--- Information given ---
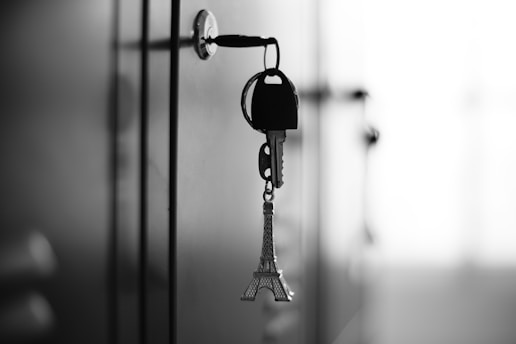 A set of keys is inserted into a lock on a smooth surface, with an Eiffel Tower keychain hanging from the keys. The focus is on the keys and the lock, while the background is softly blurred, creating a shallow depth of field effect. The image is in black and white, emphasizing contrast and light.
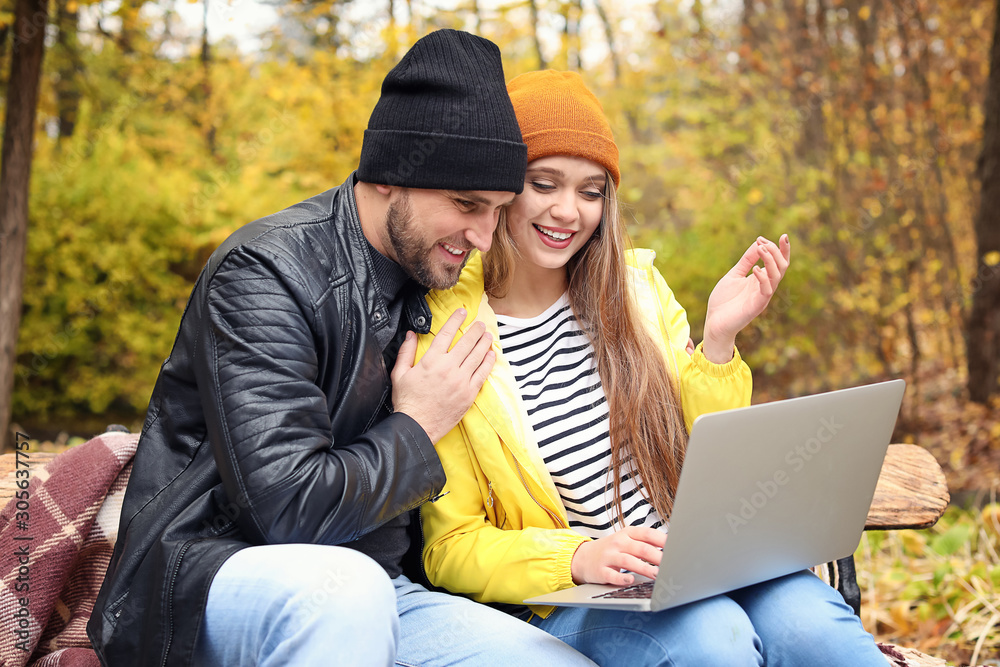 Loving young couple with laptop in autumn park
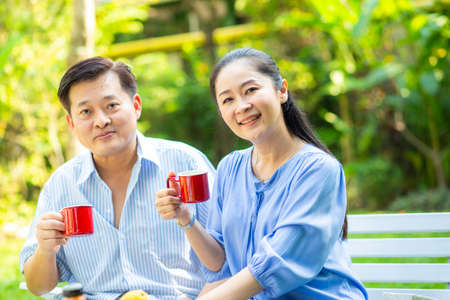 Happy asian senior couple taking with coffee drink in green garden happy morningの写真素材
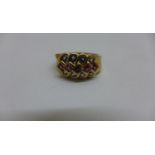 A 9ct gold ruby and tanzanite ring, size Q, approx 5gs, hallmarked, generally good condition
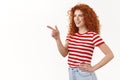 Interesting what is it. Intrigued charismatic half-turned redhead curly woman check out cool offer pointing looking left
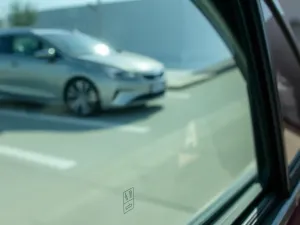 Samochód na podnośniku w jasnym, samoobsługowym warsztacie z kącikiem wulkanizacyjnym i podstawowymi narzędziami.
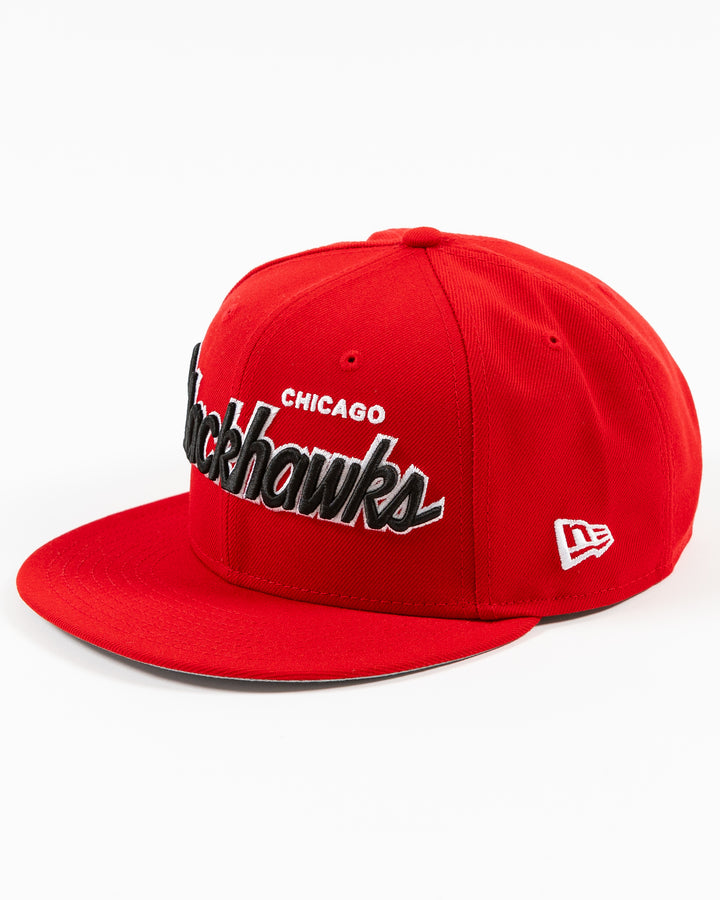 red New Era 9FIFTY snapback cap with Chicago Blackhawks wordmark on front and primary logo on right side - left angle lay flat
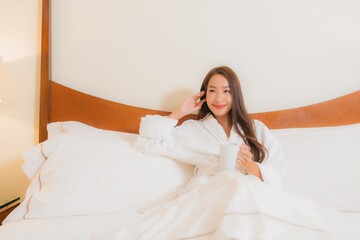 Portrait beautiful young asian woman smile relax on bed in bedroom interior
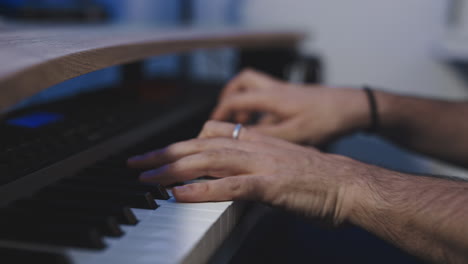 caucasian-hand-male-close-up-while-performing-a-studio-piano-session-recording-a-new-album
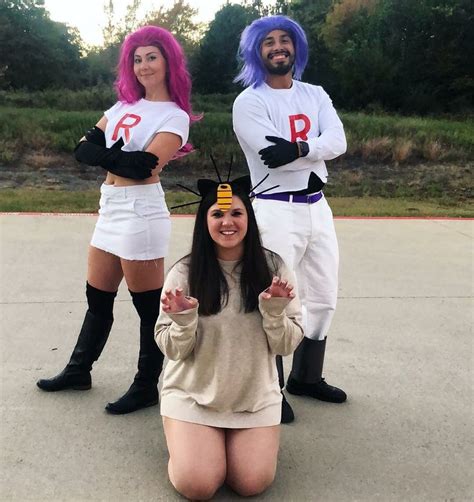 Three People Dressed In Costumes Posing For A Photo With One Woman
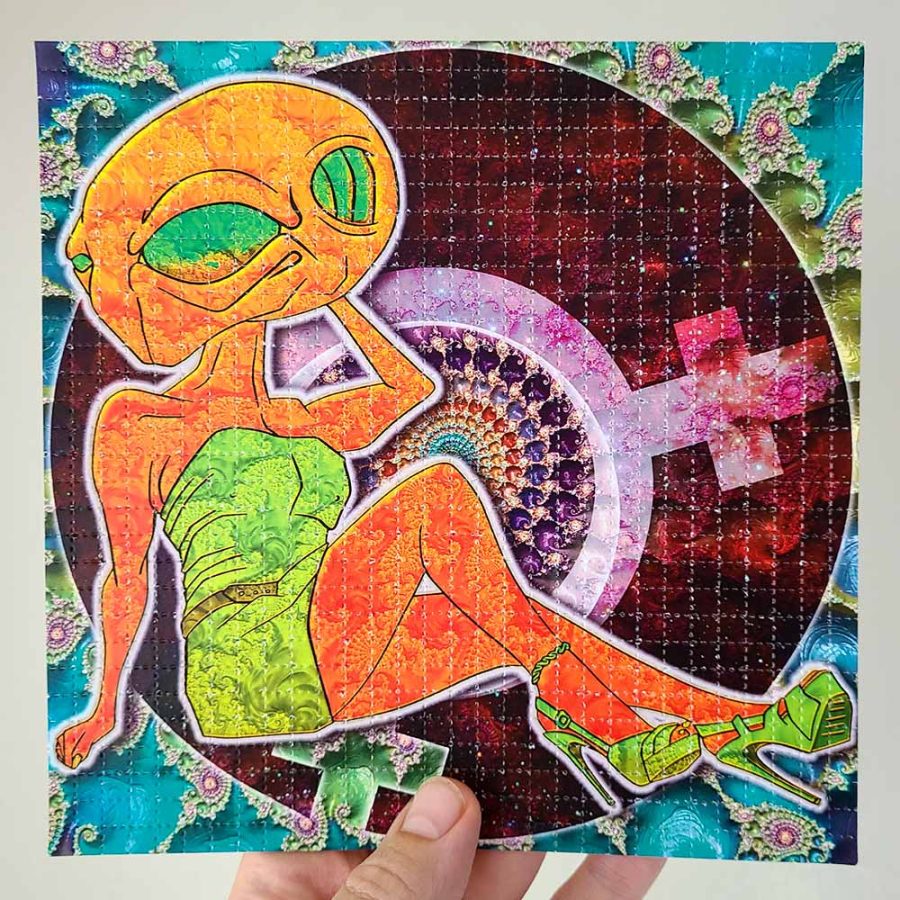 photo of a hand holding alien themed lsd blotter art gift featuring psychedelic colours and fractals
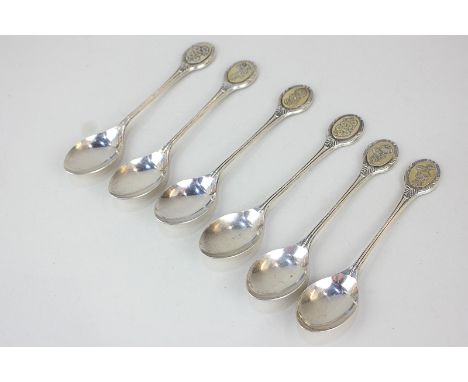 A matched part set of six Elizabeth II silver collector's spoons, maker John Pinches, Sheffield, with a different embossed fl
---
What you will do => All the material shown above is to be copied exactly, with no pictures carried over.

Final answer =>
 A set of keys is inserted into a lock on a smooth surface, with an Eiffel Tower keychain hanging from the keys. The focus is on the keys and the lock, while the background is softly blurred, creating a shallow depth of field effect. The image is in black and white, emphasizing contrast and light.
 Loving young couple with laptop in autumn park
 Happy asian senior couple taking with coffee drink in green garden happy morningの写真素材
 A 9ct gold ruby and tanzanite ring, size Q, approx 5gs, hallmarked, generally good condition
 Interesting what is it. Intrigued charismatic half-turned redhead curly woman check out cool offer pointing looking left
 Samochód na podnośniku w jasnym, samoobsługowym warsztacie z kącikiem wulkanizacyjnym i podstawowymi narzędziami.
 red New Era 9FIFTY snapback cap with Chicago Blackhawks wordmark on front and primary logo on right side - left angle lay flat
 Portrait beautiful young asian woman smile relax on bed in bedroom interior
 caucasian-hand-male-close-up-while-performing-a-studio-piano-session-recording-a-new-album
 Three People Dressed In Costumes Posing For A Photo With One Woman
 photo of a hand holding alien themed lsd blotter art gift featuring psychedelic colours and fractals
 A matched part set of six Elizabeth II silver collector's spoons, maker John Pinches, Sheffield, with a different embossed fl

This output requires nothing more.